Frank Willmann blickt auf den Fußball zwischen Leipzig, Łódź und Ljubljana.
Aber … wir erleben den ersten Spieltag, noch liegt verschleierte Unschuld über den Spielern, Platzwarten, Würstchenverkäuferinnen … Sehnsucht regt sich. Es ist die Erinnerung an eine andere Zeit, als wir nicht vom Geldwucher des modernen Fußballs belästigt wurden und für 45 Pfennig die Stehränge stürmten, weil gleich die Helden in den schönsten Farben der Welt den rumpeligen Rasen stürmten. Diese Spieler, die unsere Väter noch in der Werkhalle antrafen, um ihnen scherzhaft die Löffel langzuziehen, für vergebene Chancen, verwaschene Hoffnung, Pfostenschüsse und Eigentore.

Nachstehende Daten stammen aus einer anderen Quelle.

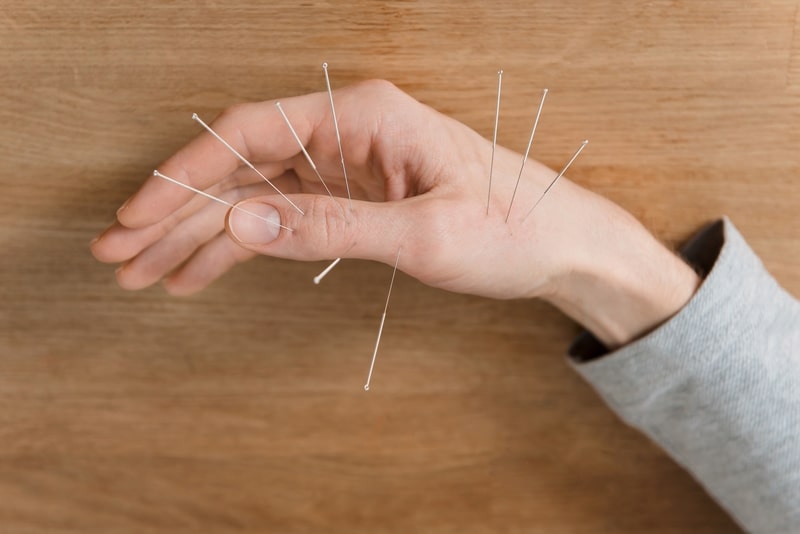 beneficios da acupuntura maos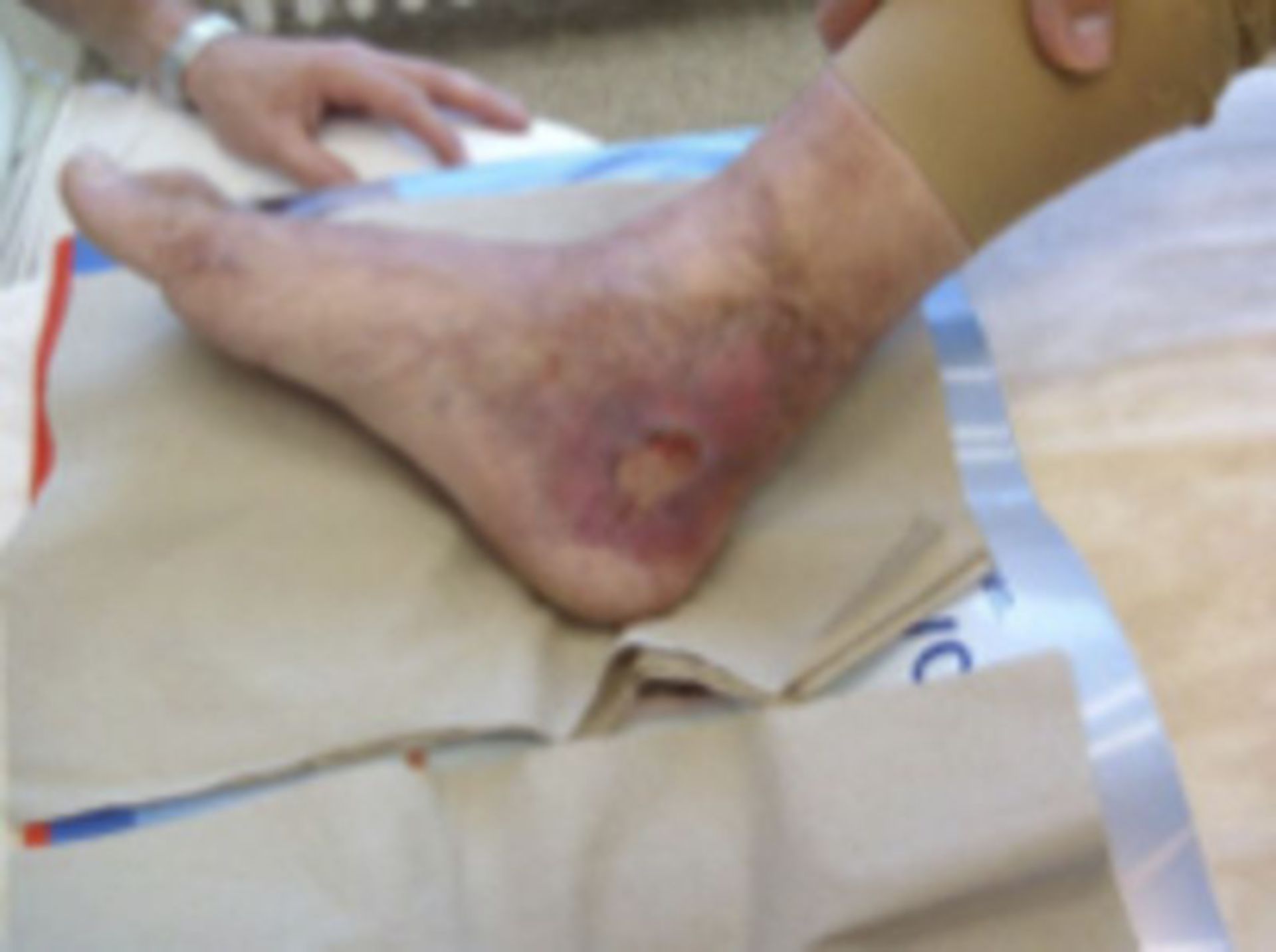 Open leg after repeated fractures (3)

2025 wohnen die Rasengaukler in Gated Communitys mit automatischen Toren und Torwächtern in schicken Uniformen. Wenn Mensch Schmidt Glück hat, fährt ihm eine Spielerfrau beim Ausparken in der größten Fucking Mall seiner Stadt über den großen Zeh. Das ist, als wenn dich 1974 Peter Ducke oder Gerd Müller berührten, damals, als der Fußball noch rund war und sich nicht in der Hand von Großkopfeten und Finanzhaien befand, die sich einmal im Jahr mit Lagerfeld Marke redlicher Arbeiterschweiß eindieseln, wenn es darum geht, bei Mitgliederversammlungen den andächtig lauschenden Trotteln Märchen aufzutischen.
Was ist das? Ein perfekt gegelter Münchner trifft das Leipziger Tor, das natürlich kein Sachsentor ist, sondern das Gehäuse einer Mannschaft eines Weltkonzerns, der schlimme Zuckerbrühe an arglose Kinder verkauft. Kurz den Ton der Glotze einschaltend, überfällt mich dreist dröger Laberschwall des Dünnbrettbohrers am Mikro, die Katze guckt schon wieder böse. Wäre es nicht das Beste, nun sofort den Fernseher aus dem Fenster zu werfen? Ja. Nein. Es ist doch Fußball … Den Ton leise stellen … mit nur einem Auge hingucken … oder doch mit beiden?